There is no evidence in the record to justify the sixteen hour delay before the first inculpatory statement and no evidence that anything other than the delay prompted the appellant to make the inculpatory statements. Under these circumstances, we must conclude that the delay was unnecessary and was reasonably related to the inculpatory evidence obtained. The evidence should have been excluded. That error was not harmless beyond a reasonable doubt. Although the statements and the appellant's trial testimony were similar, there were significant differences which could have affected the verdict. In the statements, the appellant admits the physical possession of the narcotics which were purchased with money provided by Smith. A reading of the appellant's trial testimony, however, leaves some doubt as to whether or not appellant ever had physical possession of the narcotics. Under these circumstances, we are unable to conclude that the admission of the statements was harmless beyond a reasonable doubt. Chapman v. California, 386 U.S. 18, 17 L.Ed.2d 705, 87 S. Ct. 824 (1967); Commonwealth v. Davis, 452 Pa. 171, 305 A.2d 715 (1973).

The judgment of sentence for murder of the second degree is reversed and appellant is discharged as to that judgment. The judgment of sentence for the possession

[ 458 Pa. Page 390]

    of narcotic drugs is reversed and a new trial awarded.
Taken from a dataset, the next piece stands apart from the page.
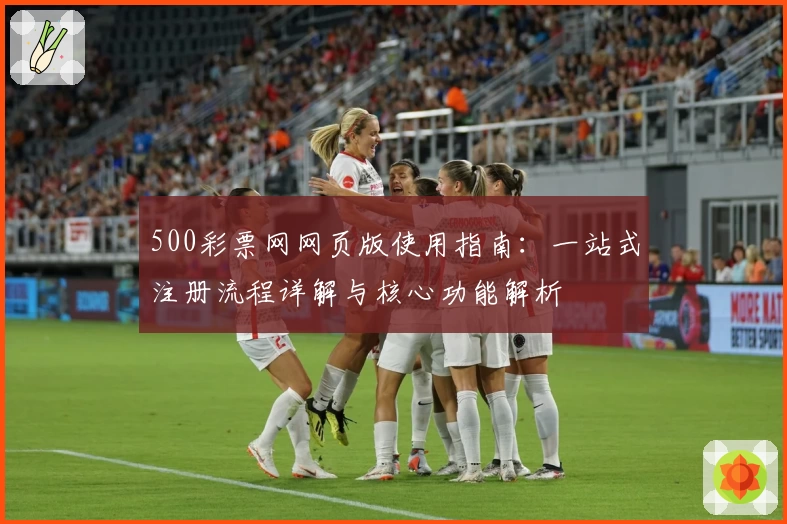 500彩票网网页版使用指南：一站式注册流程详解与核心功能解析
Judgment of sentence for murder in the second degree reversed and appellant discharged; judgment of sentence for possession of narcotic drugs reversed and new trial awarded.

Concurring and Dissenting Opinion by Mr. Justice Pomeroy:

I concur in the reversal of the judgment of sentence on the murder conviction. I respectfully dissent, however, from the reversal of the judgment of sentence for possession of narcotic drugs because it is based upon a retrospective application of the exclusionary rule first announced in Commonwealth v. Futch, 447 Pa. 389, 290 A.2d 417 (1972). See the dissenting opinion of this writer in Commonwealth v. Johnson, 458 Pa. 425, 327 A.2d 618 (1974) and the opinions therein cited.